═════ Provided information ═════

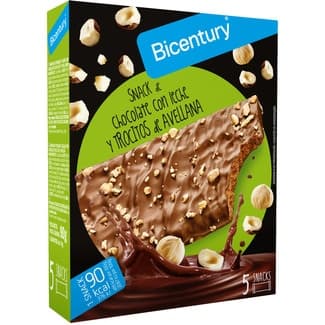 Snack de chocolate y trocitos de avellana 5 unidades estuche 90 g -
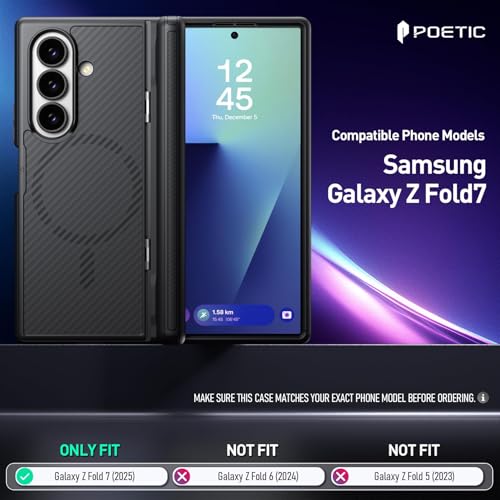 Poetic Revolution Flex Case for Galaxy Z Fold 7 Hidden Foldable KickstandHinge ProtectionMagSafe Compatible Full Body Shockproof Galaxy Z Fold 7 Cover with BuiltinScreen Protector Black - Image 3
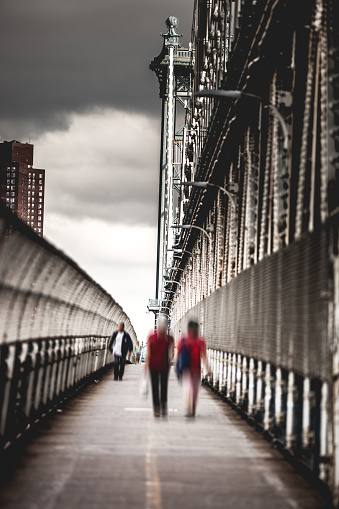 Crossing Manhattan Bridge in New York City.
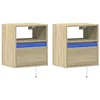 Image de vidaXL Tables de chevet murales avec lumières LED 2 pcs chêne sonoma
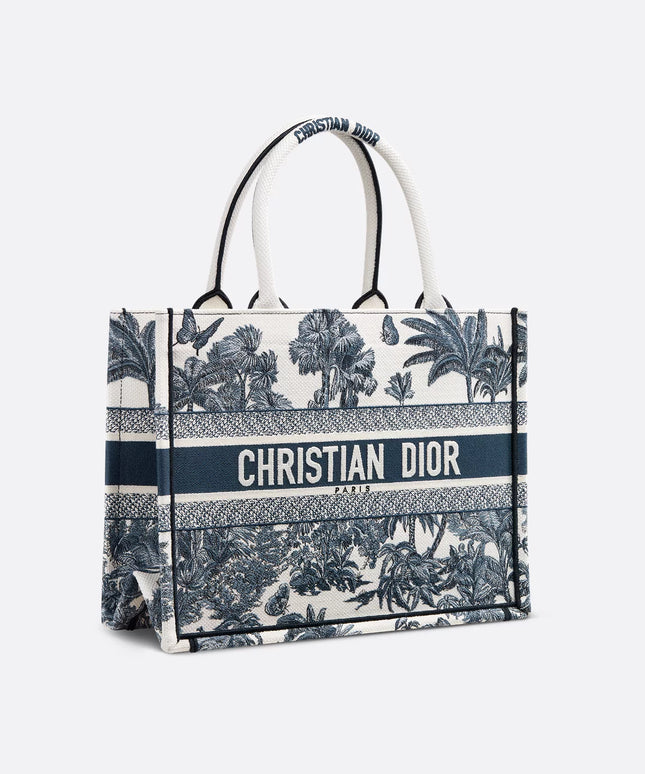 Dioriviera Medium Dior Book Tote White and Blue Toile de Jouy Palms Embroidery (36 x 27.5 x 16.5 cm)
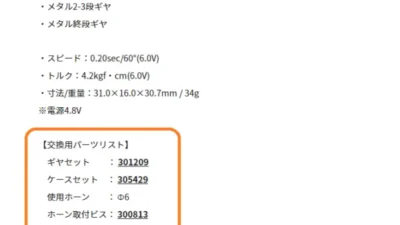双葉電子工業株式会社　サーボの製品情報に交換用パーツリスト追加についてのお知らせを公開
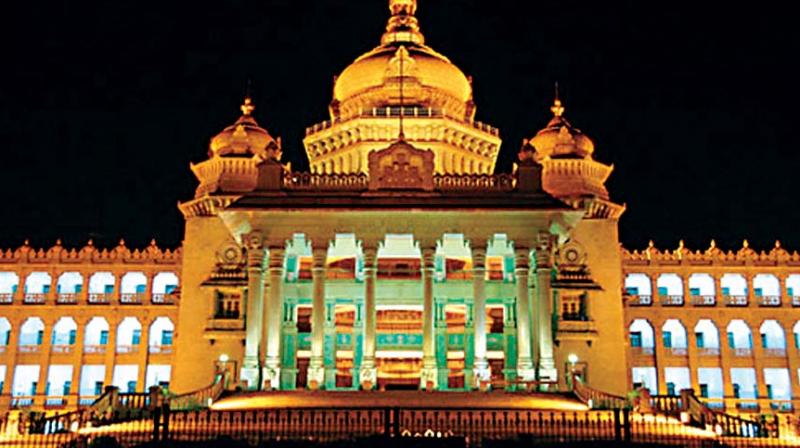 A file photo of Vidhana Soudha in Bengaluru at night.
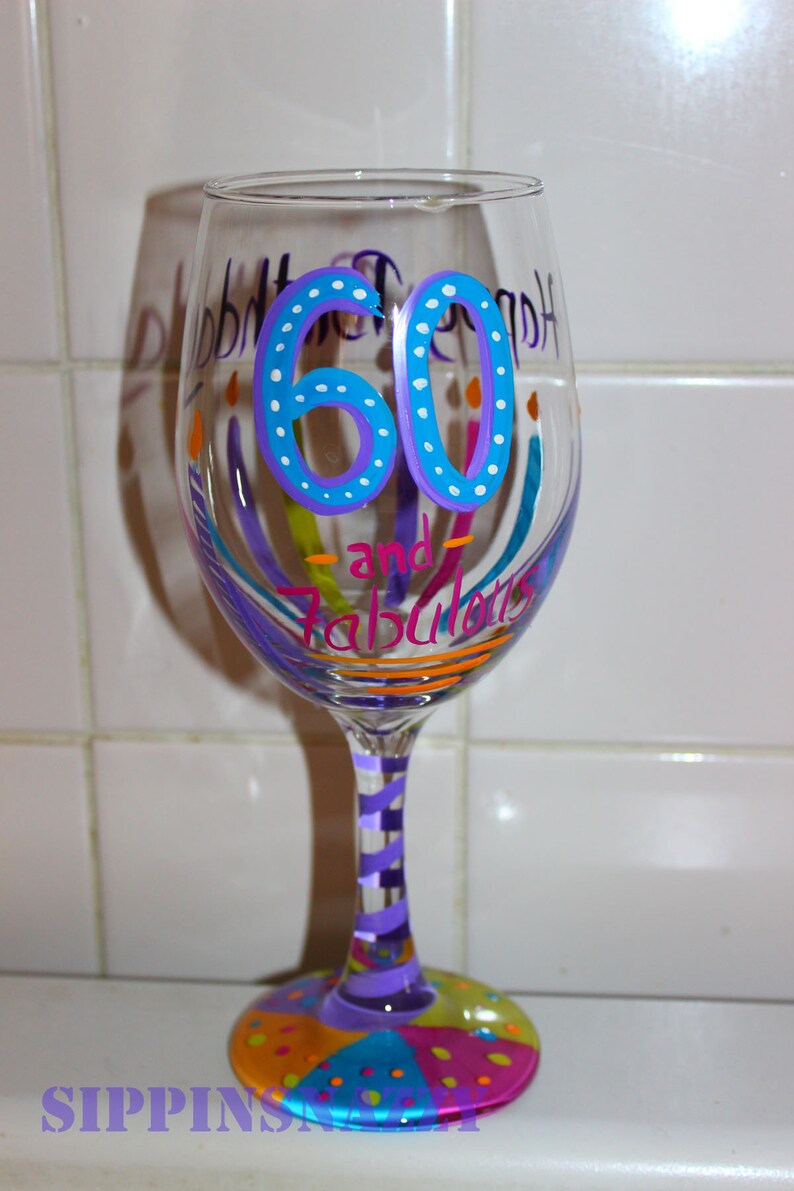 60th Birthday Gifts For Women Custom Wine Glass Image 0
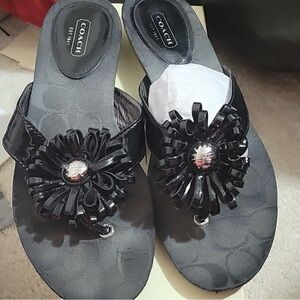 Coach Skye Signature Patent Leather Flower Thong Sandals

═════

→ **Problem**
Skip the pictures and give the entries above again word for word.

→ **Output of the exercise**
 Snack de chocolate y trocitos de avellana 5 unidades estuche 90 g -
 Poetic Revolution Flex Case for Galaxy Z Fold 7 Hidden Foldable KickstandHinge ProtectionMagSafe Compatible Full Body Shockproof Galaxy Z Fold 7 Cover with BuiltinScreen Protector Black - Image 3
 Crossing Manhattan Bridge in New York City.
 Image de vidaXL Tables de chevet murales avec lumières LED 2 pcs chêne sonoma
 Dioriviera Medium Dior Book Tote White and Blue Toile de Jouy Palms Embroidery (36 x 27.5 x 16.5 cm)
双葉電子工業株式会社　サーボの製品情報に交換用パーツリスト追加についてのお知らせを公開
 A file photo of Vidhana Soudha in Bengaluru at night.
 60th Birthday Gifts For Women Custom Wine Glass Image 0
 Coach Skye Signature Patent Leather Flower Thong Sandals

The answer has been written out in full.